Thursday, 6 November 2014

Shooting down the cultural ambitions of Syros - by Anna Stamatiou

Malta is an island with an inglorious reputation when it comes to migrating birds.  The Maltese seem to consider it a sign of manhood to go out and try to hit anything that moves when the shooting season opens in the Autumn.  Sadly, the same thing happens on many a Greek island – and no doubt all over the mainland too.  Migrating birds are trapped using very fine nets or perches covered in a sticky substance.  This is illegal but in a country facing financial ruin policing hunting takes a low priority.

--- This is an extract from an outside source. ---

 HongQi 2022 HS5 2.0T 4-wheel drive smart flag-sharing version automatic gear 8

This x-ray shows the carcass of a hawk, peppered with lead pellets.  It was found on Syros, along with another, badly decomposed one of an eagle that also showed signs of having been shot.  It does seem particularly strange that on an island that harbours the ambition of becoming European Capital of Culture people are still taking rare birds out of the wild without apparently seeing any contradiction between that behaviour and their cultural aspirations.  How long before the hunters of Syros begin to realise that respect for the natural world must be part of any valid understanding of what we mean when we say that a place or a society is “cultured”

Monday, 3 November 2014

Beach wars - let the dogs swim. By Anna Stamatiou (GAWF Trustee)

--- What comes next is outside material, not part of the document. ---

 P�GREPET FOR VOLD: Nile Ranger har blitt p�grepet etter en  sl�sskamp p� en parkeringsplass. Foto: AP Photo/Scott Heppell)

The ink is not yet dry on the Articles of Incorporation of one of the newest animal welfare groups to be formed in Greece and already there are sulphurous fumes of controversy and disagreement on the air.  The little island of Kasos – one of the most far flung in Greece, just off the northeast tip of Crete – has distinguished itself in managing to find more than 21 people that are willing to sign up as founder members of a legally constituted not-for- profit body.  (Hooray)! 

A few dedicated people have been struggling to get this done for years and now that they are on the brink of success they find themselves having to deal with an issue that has got local blood boiling.  And it’s all because a letter from the Ministry has been received by the Harbourmaster.  A decision has been made at the highest level and more must follow… dogs are officially to be allowed to swim in the sea!!!  Yes.  And harbourmasters across the land have been told they must produce a list of beaches from which such bathing is to be permitted.  So they have written to their local welfare groups to ask which ones should be included.  And there’s the rub.  No one can agree which those beaches should be.  The poor little group is besieged.  On one side there are those that are delighted and on the other those that have sworn to resist the outrage with every fibre of their being.  What to do? 

No doubt the same scenes are being repeated throughout Greece and I really hope people will not let their emotions cloud their judgement and sense of proportion.  But we are talking about Greeks.   Frankly, there’s no hope.